Brown isn’t more or less. It just is.

He dragged himself up the streetcar steps. With a droopy head he drops his transit ticket. Looks for a seat and stares at me. With anger and sadness, he screamed.

Less than 15 years old, this little boy clearly indicates he hates being Filipino.

I knew why he screamed. I knew why he screamed directly at me. He had a fresh bruise on his face. The streetcar didn’t close his doors yet because he was concerned for the kid. Three kids yelled from the side walk, various races, shouted

“Your mom cleans my toilets.”

The kid stared at me. I’m fuming.

A passenger yelled “Get the fuck home you fuckin brats”

I didn’t know what to do. I took the kids hand and he cried some more as he shook me away. I placed my hand on his shoulder and said “I know how you feel”.

“nooo you don’t.” with his droopy face

“Look at me,” This time with an accent “those kids will never know how it feels to be you because they will never be you and you will never be them because you are better.”

“no.”

“It’s true. Do you know what makes people brave? Overcoming fear. Don’t be scared or ashamed about being Filipino. What does your nanay do for work?”

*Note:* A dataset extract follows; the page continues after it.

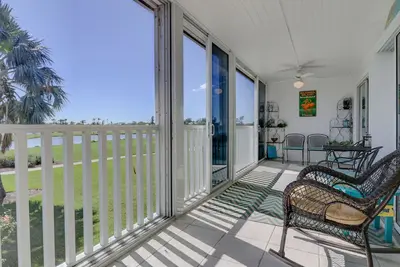 Image de Sandcastle Shores: retraite tranquille sur l'île avec vue sur le parcours de golf et le lac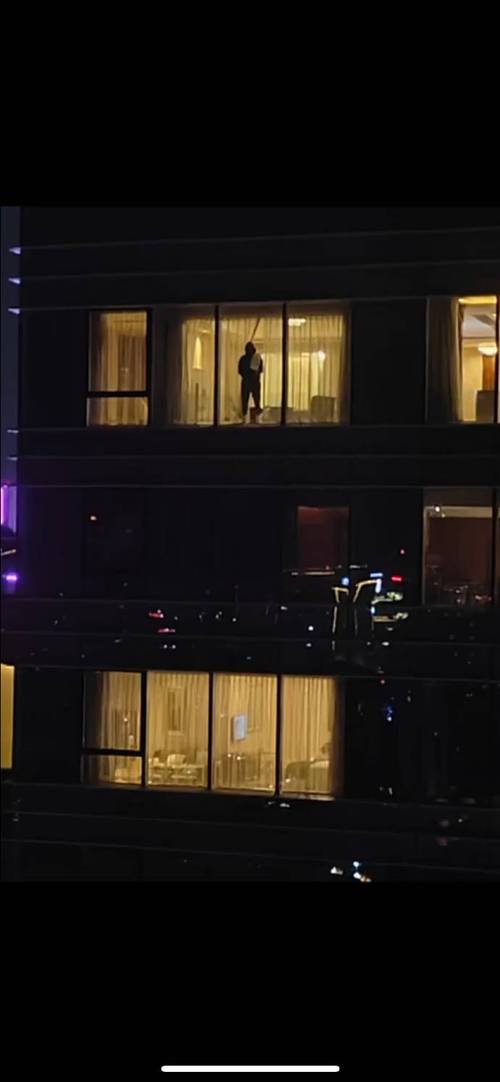 无人机偷拍magnet，隐私安全如何保障？-第1张图片-广州国自机器人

with smite he says “she cleans their houses.”

“No. She’s taking care of you the best way she can, right now. Just because you, me and your mom are Filipino doesn’t mean that we are just here in Canada to clean. We are here because we  want something better for ourselves and our loved ones.”

NEXT STOP WINONA DRIVE 

I have to go now. But stop crying because of who you are, okay? Thank your mom for working hard and taking care of you.”

NEXT STOP OAKWOOD AVENUE

 I step-off the streetcar. I see an older lady try and talk to the boy.

I cried as I walked home. I felt his pain. It was the same pain I had when I first came here to Canada and I attended a school where most of the kids had a Filipino nanny. My mother wasn’t a nanny, she became a factory worker just like any educated immigrant.

I was in grade four, I was scared. I didn’t see anyone that looked like me. I wore my best school clothes. A yellow dress with black shoes, I also had braided pigtails. The yellow dress was my birthday dress from the year before. I chose to wear it because I wanted to be accepted.

Needless to say, I wasn’t. The little girls pulled at my pigtails and asked me if I spoke English but before I could reply they took off with my yellow ribbons. I tried to play tag with the boys and they laughed but they let me play and the other girls joined too. After a few minutes no one was chasing me. So I stood still and watched them run. I just walked away. The recess bell rang. Of course everyone hurried inside. I was used to lining up in front of the classroom door before going inside, so I stood there. After most of them had gone in this boy Danny G. looked at down at me and asked

“Your mom knows how to clean right? My nanny does. I’m sure she can take care of this…”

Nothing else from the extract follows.